I was curious if we finally get a fast datetime library with JDK8. Nearly all LocalDate computations use toEpochDay so I looked at the source and the large number of divisions and branches made me curious if I could do better.

I eliminated some branching and all but one division, however the speedup is worse than expected. So my first question how is it possible that an algorithm using multiple division takes only about 30 cycles (throughput). Holger's comments seem to have answered this: Division by a small constant gets JIT-ed to multiplication. I did it manually and now I'm consistently beating the original implementation by a factor of 2.
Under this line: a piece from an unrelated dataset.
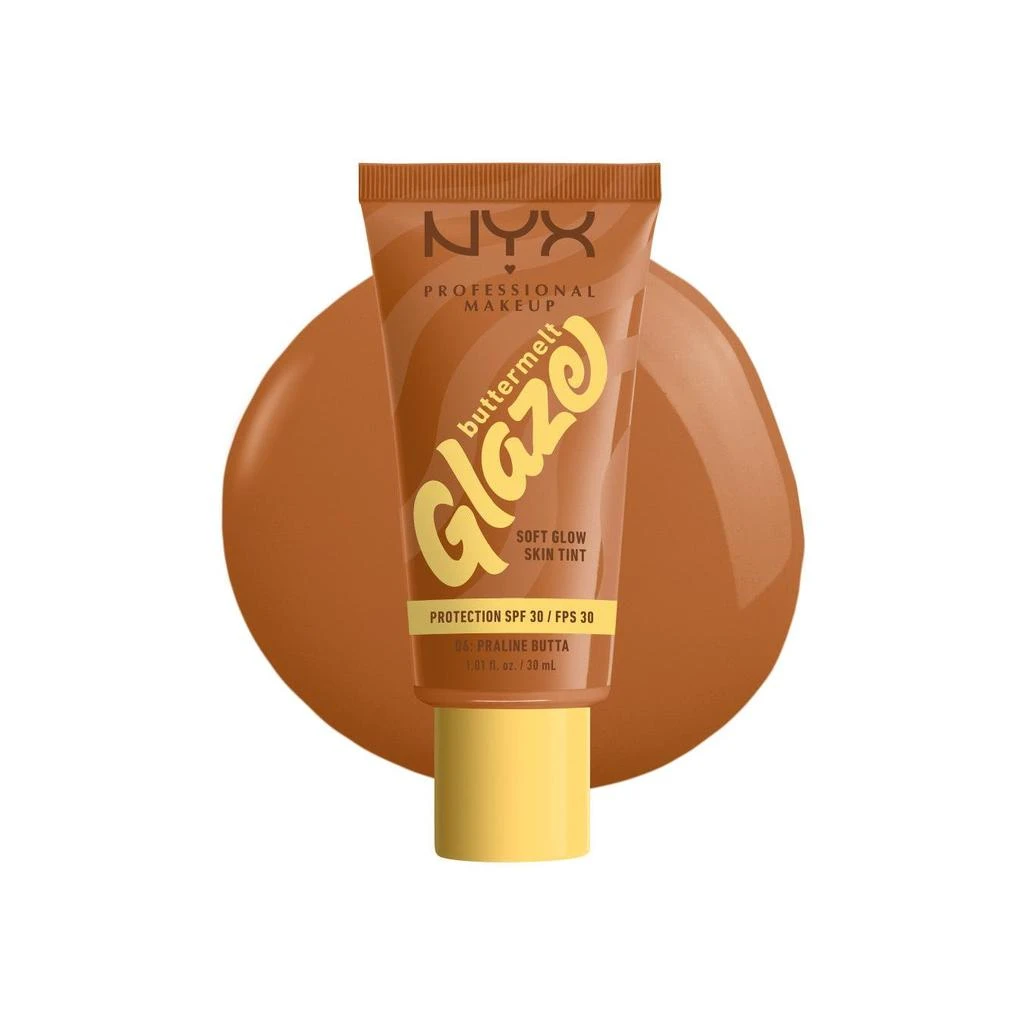Octopus x Nyx Buttermelt Glaze Tint, Fond De Teint Spf30 Jusqu'À 12H De Tenue, Vanilla Bean Butta 7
The benchmark is pretty straightforward, just iterate though an array of random LocalDates and convert each of them toEpochDay. Despite the randomness, the results are pretty consistent. The size of the array is a parameter and my main question is where the big slowdown between 2000 and 30000 comes from. There's should be some slowdown as the data no more fit in the L1 cache, but the memory accesses of both algorithms are exactly the same (i.e., none but fetching the date from the array).

The still open question is: How it comes that the behaviour of two simple memory-access-free implementations of the same function change when iterating over an array? The original algorithm suffers a much bigger slowdown than mine.

My algorithm is probably not worth copying here, it's undocumented and about as cryptic as the original, and there's only a very rudimentary test.

I haven't catched the reason directly, but it is certainly a benchmarking framework shortcoming. Something related to GC and per-invocation costs. I have the same performance degradation with JMH, except bench with 100 dates shows better perf than with 2000 dates, too. I've tried to create the dates array always of maximum size, and iterate just first 100, 2000, 30000 elements. In this case all versions performed equally (15.3 +- 0.3 ns on my machine).

import org.openjdk.jmh.annotations.*;

import java.time.LocalDate;
import java.util.*;
import java.util.concurrent.ThreadLocalRandom;
import java.util.concurrent.TimeUnit;


@State(Scope.Benchmark)
@BenchmarkMode(Mode.AverageTime)
@OperationsPerInvocation(LocalDateBenchmark.ITERATIONS)
@OutputTimeUnit(TimeUnit.NANOSECONDS)
public class LocalDateBenchmark {
    public static final int MAX_ITERATIONS = 1000000;
    public static final int ITERATIONS = 30000;

    private static final LocalDate MIN_DATE = LocalDate.of(1900, 1, 1);
    private static final LocalDate MAX_DATE = LocalDate.of(2100, 1, 1);
    private static final int DAYS_BETWEEN = (int) (MAX_DATE.toEpochDay() - MIN_DATE.toEpochDay());

    public LocalDate[] dates = new LocalDate[MAX_ITERATIONS];
    private Random random;

    @Setup(Level.Trial)
    public void setUpAll() {
        Random r = ThreadLocalRandom.current();
        for (int i=0; i< dates.length; ++i) {
            dates[i] = MIN_DATE.plusDays(r.nextInt(DAYS_BETWEEN));
        }
    }

    @Setup(Level.Iteration)
    public void setUpRandom() {
        random = new Random();
    }

    @GenerateMicroBenchmark
    public int timeToEpochDay(LocalDateBenchmark state) {
        int result = 0;
        LocalDate[] dates = state.dates;
        int offset = random.nextInt(MAX_ITERATIONS - ITERATIONS);
        for (int i = offset; i < offset + ITERATIONS; i++) {
            LocalDate date = dates[i];
            result += date.toEpochDay();
        }
        return result;
    }
}

thats because there are no divisions in the algorithm. all the / 4 are replaced by shifts. and all the / 100 are actually * 0.01's. the divisions are there for readbility (hehe). im not sure if this optimization happens during bytecode emission or JIT compilation, it would be interesting to look at the class file and find out.